** Opening Exercise data block **
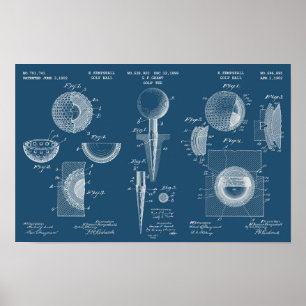 Poster de brevet de golf vintage 1 Cyanographe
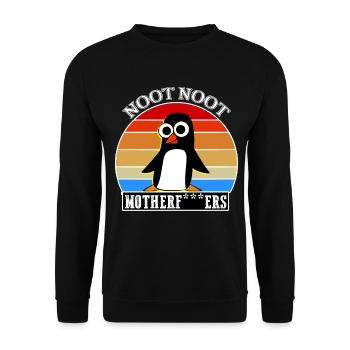 Noot Noot Pingu Meme Motherf - Unisex Sweatshirt - black - Front - Alina (178cm) & Michal (187cm)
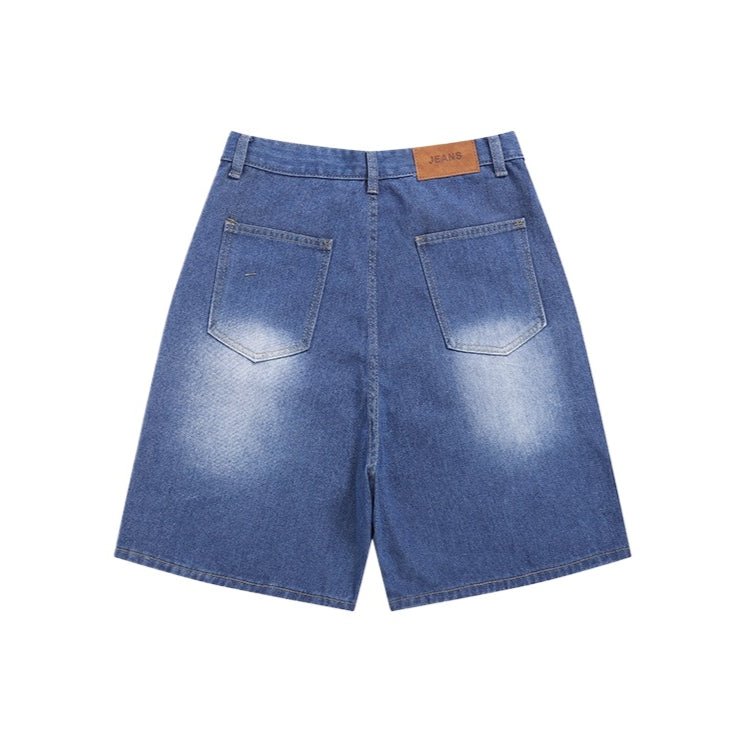Snacks Embroidery Bermuda Denim Shorts - Thrashink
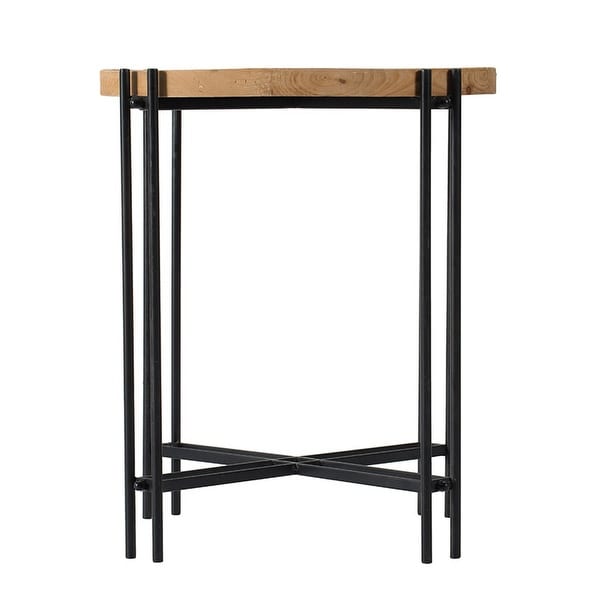 24 Inch Side Table, Modern, Round Tabletop, Carved Wood, Iron Frame, Brown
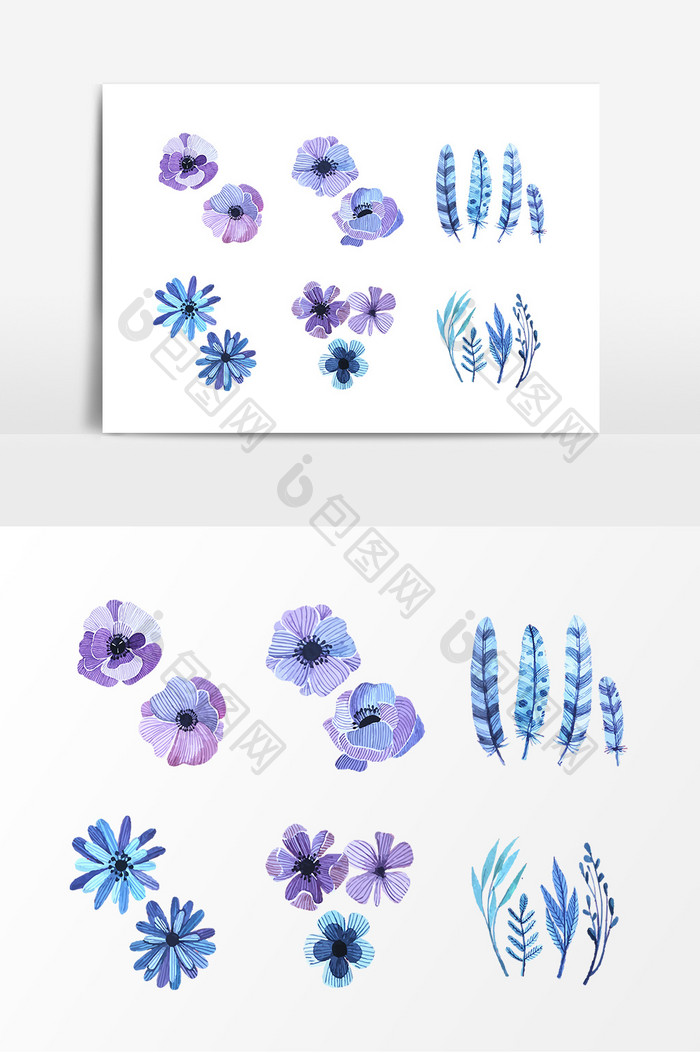 蓝色水彩花朵植物素材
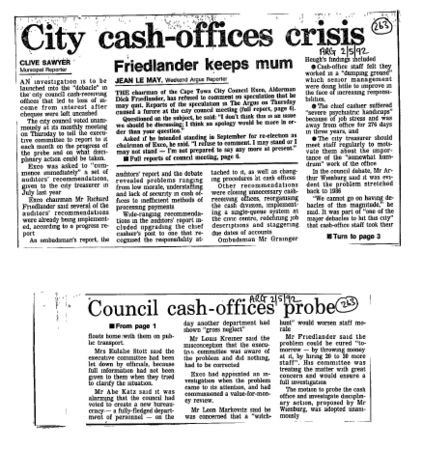Public Sector Government Local Authority - Cape 1992 - 1993
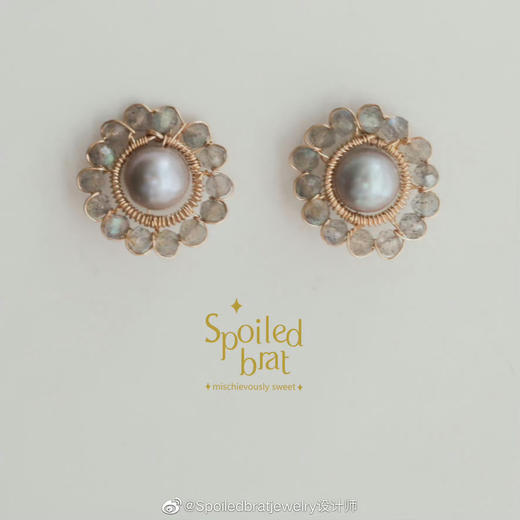 SpoiledBrat Jewelry花环系列 | 灰珍珠斜长石/月光石/尖晶石耳钉 商品图3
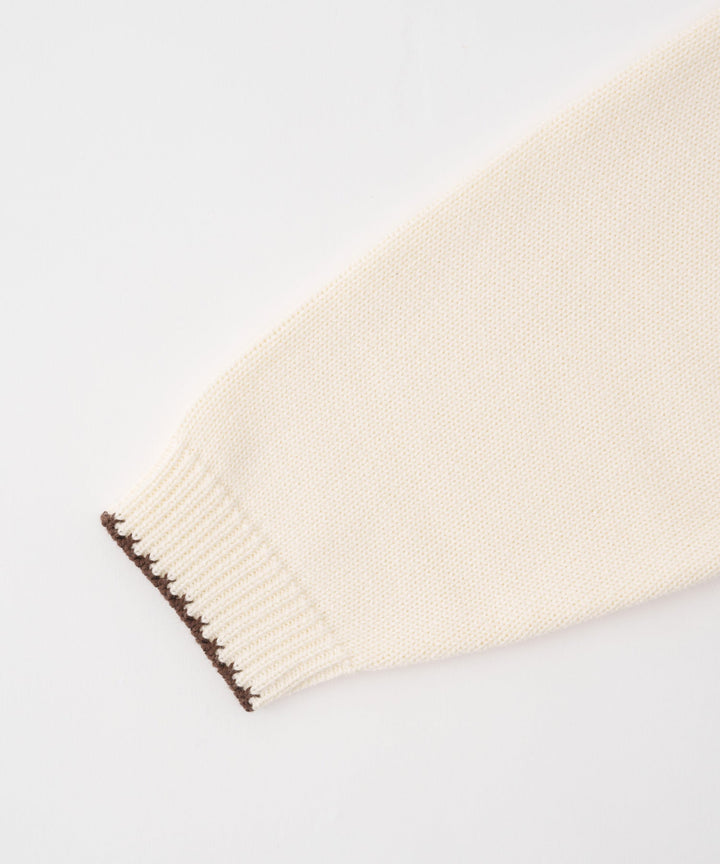 Contrast Trim Round Neck Knit Sweater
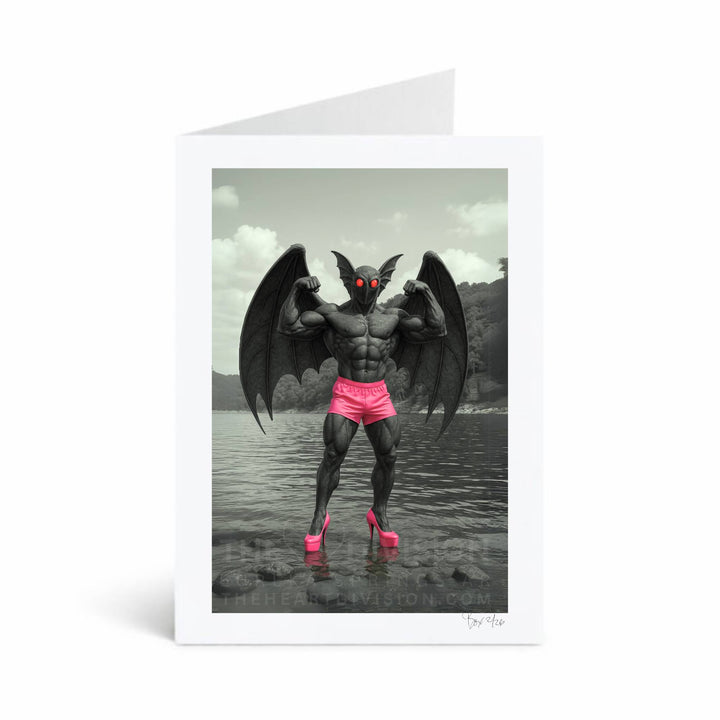 Cryptid Cookout Series, #3 Mothman Realness, 5x7 Greeting Card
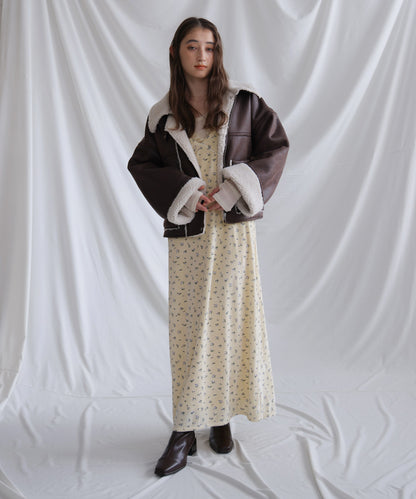 小花柄レース付きベロアキャミワンピース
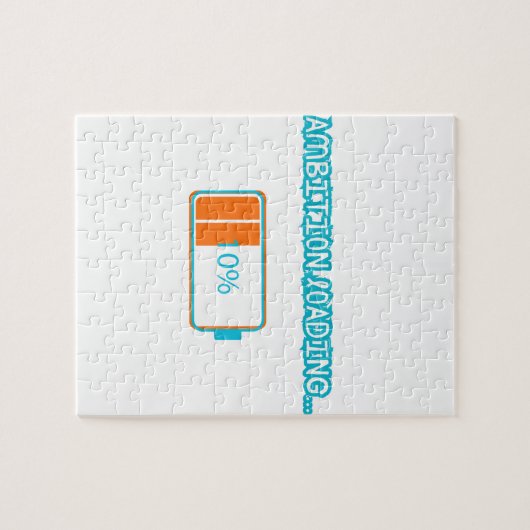 Ambition Loading… 10% | Motivational Battery Low F Puzzle (Horizontal)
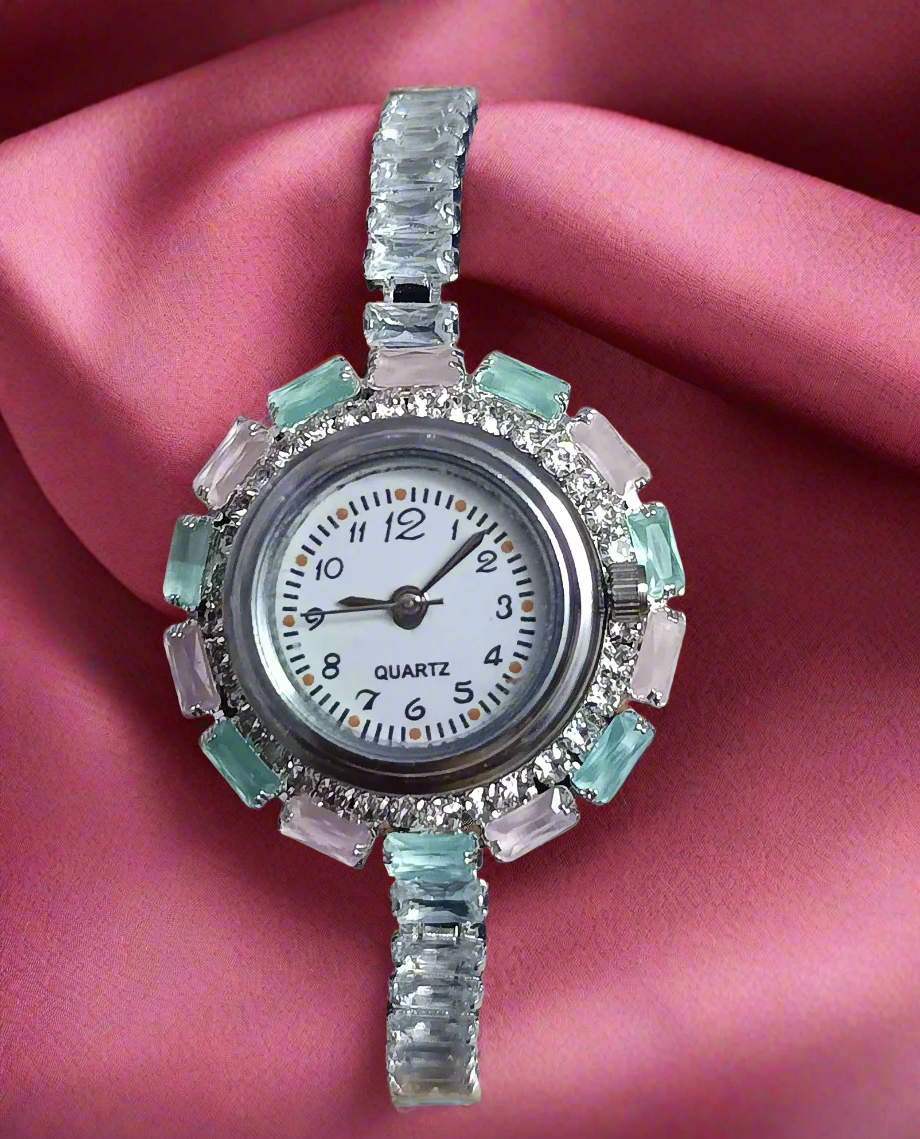 Elegant White metal Watch Bracelet with AD stone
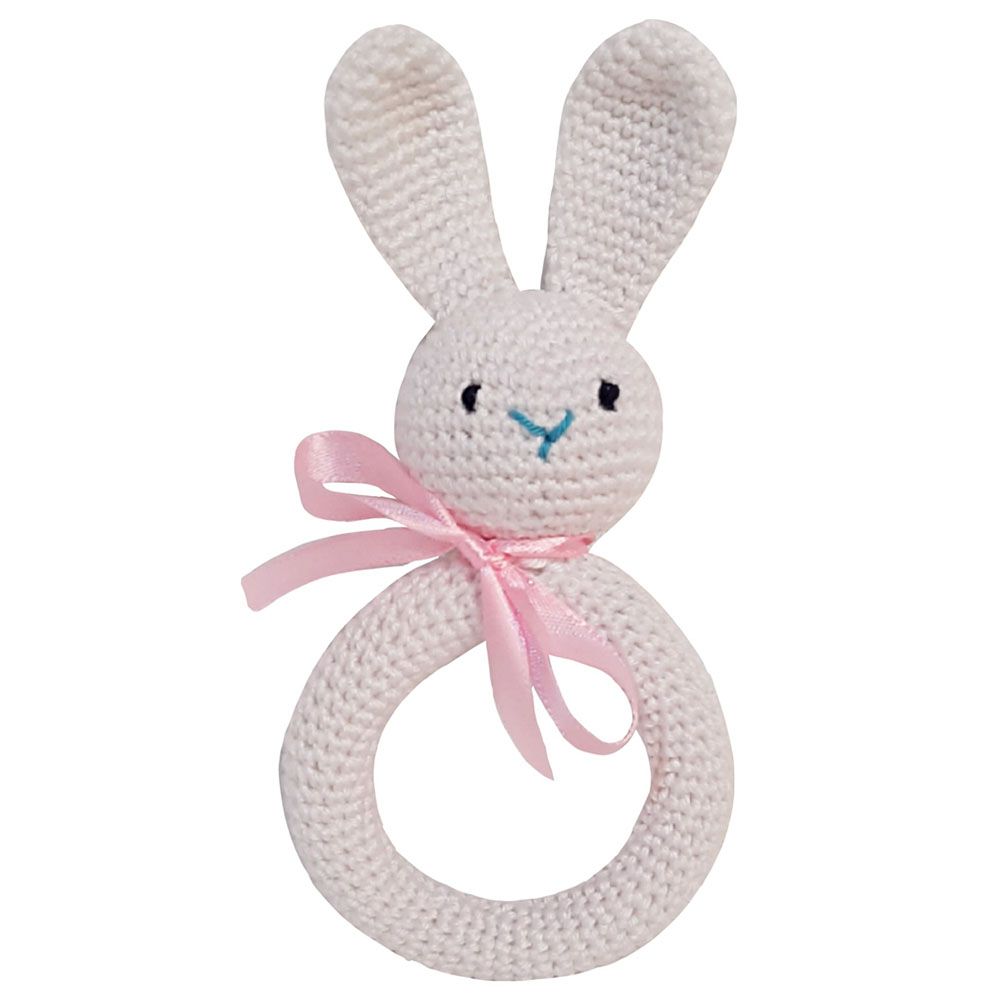 Pikkaboo - Handmade Crocheted Bunny Teether - White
** Closing Exercise data block **
**What needs to be done**. Pictures should be skipped, and the records retyped word for word.

**Completed task**.
 Poster de brevet de golf vintage 1 Cyanographe
 Noot Noot Pingu Meme Motherf - Unisex Sweatshirt - black - Front - Alina (178cm) & Michal (187cm)
Snacks Embroidery Bermuda Denim Shorts - Thrashink
 24 Inch Side Table, Modern, Round Tabletop, Carved Wood, Iron Frame, Brown
 蓝色水彩花朵植物素材
Public Sector Government Local Authority - Cape 1992 - 1993
 SpoiledBrat Jewelry花环系列 | 灰珍珠斜长石/月光石/尖晶石耳钉 商品图3
 Contrast Trim Round Neck Knit Sweater
 Cryptid Cookout Series, #3 Mothman Realness, 5x7 Greeting Card
 小花柄レース付きベロアキャミワンピース
 Ambition Loading… 10% | Motivational Battery Low F Puzzle (Horizontal)
 Elegant White metal Watch Bracelet with AD stone
 Pikkaboo - Handmade Crocheted Bunny Teether - White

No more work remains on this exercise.